We live out in the country and our property is set back from the road. In our former home we lived on a cul-de-sac. If we lived on a main road w/ heavy traffic, I think I would feel hard pressed to trust my dogs completely on an invisible fence. The big concern is our dogs getting out and being a nuisance to our neighbors or wandering down the road. With all of that being said, and given where we live, I'm very confident my dogs will stay put as the enticements are not as great and the ones we have such as wildlife; it's more than likely my dogs would end up in my neighbors yard if they went through. 

I know some people have concern that the invisible fence doesn't keep animals or people out. It does have it's limitations. We do not leave our dogs outside so we don't worry about any animal or person getting our dogs. I wouldn't recommend anyone leaving their dogs outside unsupervised on an invisible fence alone.

</span>


----------



## selzer (May 7, 2005)

It is not just when you are there that dogs can walk through the area drop a load of wormy poo and walk away without you ever knowing it. 

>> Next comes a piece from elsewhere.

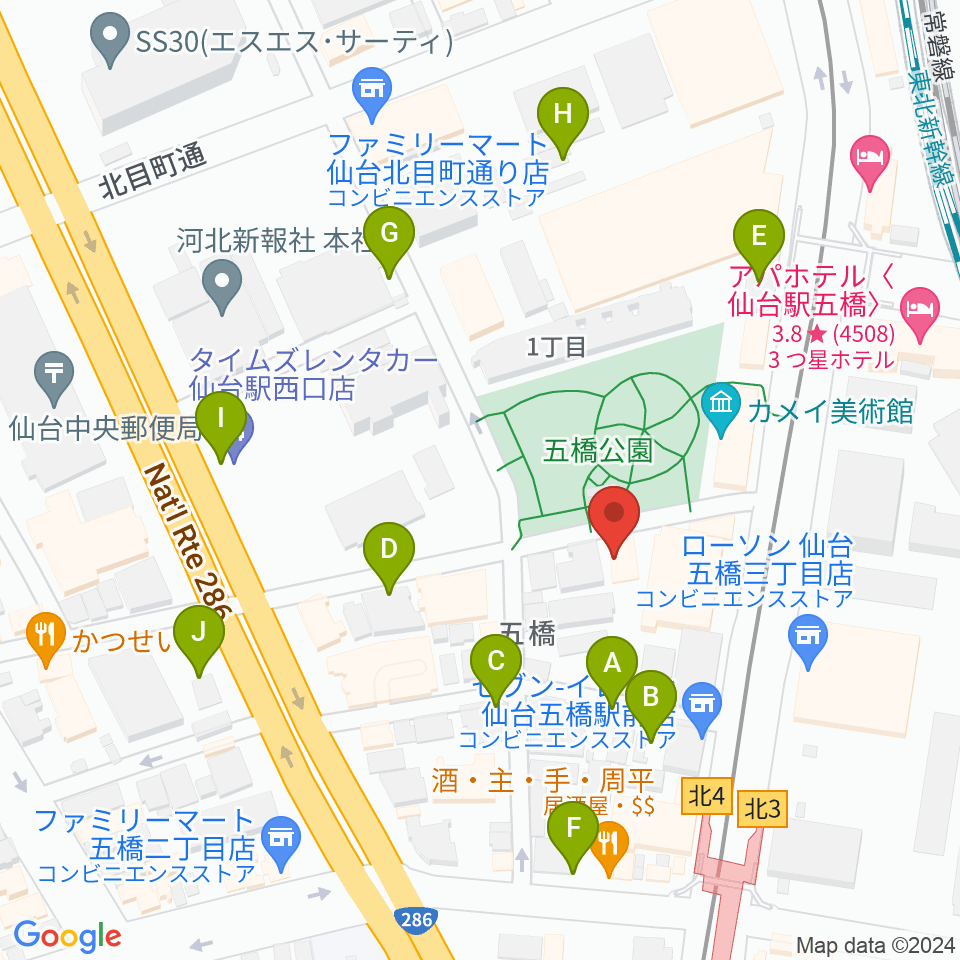 STUDIO B/2 五橋店周辺の駐車場・コインパーキング一覧地図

Or deer can walk through and pass lepto into the area. 

Giardia, all kinds of things. 

If you have a good solid fence, the liklihood of other animals using your dogs safe place for a potty when you are not out there goes way down. 

So there are negative to the invisible fence, for even those who plan to be right out there with their dog the entire time.


----------



## Denman (Jul 6, 2009)

I have a GSD Husky X and she is fully trained on the invisible fence. I got her at 11 months, and she caught on really fast. I have a ton of rabbits in the area, and she gets excited run up to the fence and will not go through. Both my neighbors have it and none of us have had issues with our dogs getting out. I am out there with her at all times so not concerned about it. 

I looked into the plug and play systems. But for my yard it was not a good fit. The thing that got me was in order to give space outside, it would have gone into my neighbors yard, didn't want that, this way she has the run of the yard to play fetch, chase my daughter, whatever.


----------